= Sabas Asidenos =

Sabas or Sabbas Asidenos (fl. 1204–1216) was a powerful local magnate of the region of Sampson (ancient Priene in Ionia) in the early 13th century. Following the Fourth Crusade, he established himself as an independent ruler before submitting to the Empire of Nicaea.

Older historians, such as George Finlay and William Miller had identified his city with Amisos or Samsun on the Black Sea coast, and thought Sabas had his base there; however in a 1935 article, G. de Jerphanion proved that his center of power was Sampson on the coast of the Aegean Sea.

==Biography==
The origin of Asidenos is unknown. In 1204, like other powerful magnates (e.g. Theodore Mangaphas or Leo Sgouros), he used the power vacuum created by the fall of the Byzantine imperial capital of Constantinople to the Fourth Crusade, to seize control of Sampson and the lower valley of the Maeander River. In late 1205 or early 1206, however, he was forced to recognize the sovereignty of the major Anatolian Byzantine successor realm, the Empire of Nicaea headed by Theodore I Laskaris (r. 1204–1222). Asidenos submitted peacefully and maintained his local influence, possibly acting as the region's governor.

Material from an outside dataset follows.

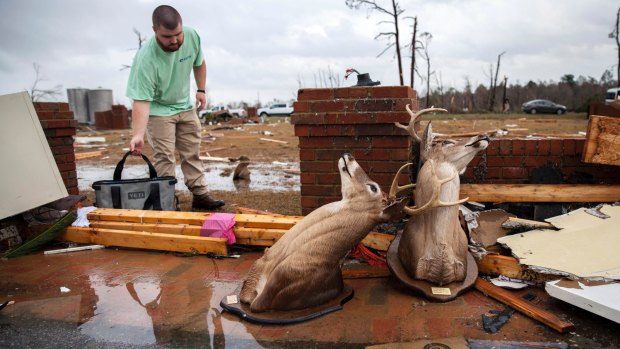 A man cleans up at a home smashed by a tornado on January 22 in Adel, Georgia.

His relations with the Nicaean ruler became close, and Asidenos apparently married into the Laskarid dynasty, for in 1214 he is addressed by Theodore I as sympetheros ("relative-in-law"), and he is recorded as holding the title of sebastokrator, at the time usually restricted to the Byzantine emperor's brothers. Asidenos is mentioned again in 1216, in a document from a monastery in Mount Latmos. Nothing is known of him thereafter.